We got a little bit of information about all kinds of gems, not just diamonds. For instance, we learned that a natural ruby contains iron and a synthetic ruby does not, and that under UV fluorescence the natural gem and the synthetic reflect a different color, making it easy to determine which one is authentic. Someone asked if there had been any new gems discovered. The answer was, no. But, he told us that in Paraiba, Brazil a new color of tourmaline had been discovered. It’s an electric green-blue color. Mr. Campbell said that in Burma rubies had been found with black centers. And he told us that a new, and pretty substantial, deposit of diamonds had been discovered in Canada. This new mine, called the Eketi Mine, rivals the South African diamond mines.
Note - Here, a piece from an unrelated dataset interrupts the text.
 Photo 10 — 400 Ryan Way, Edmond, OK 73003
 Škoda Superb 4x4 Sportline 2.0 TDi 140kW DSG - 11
Several Sisters asked specific questions that related to the jewels in the plot line of their novels in progress, and they got some interesting answers. It would be completely uncool to reveal any of the answers here, but I can tell you there are some interesting jewel-oriented plotting going on in the minds of some of the women who attended the field trip. I wouldn’t be at all surprised if the information that we received at GIA didn’t end up in a story. I know it helped me. I have an old story about a diamond smuggler, just sitting in a drawer, that I wasn’t sure what to do with. Maybe, I’ll have him take a trip up to the wilds of Canada and take a look around.

For more information about individual gems Dan Campbell recommended reading Gem Stones of the World, a book that the GIA always has in stock in their book store. American Gem Society and Jewelers of America were two professional associations he recommended to contact for more information regarding gems and the jewelry industry.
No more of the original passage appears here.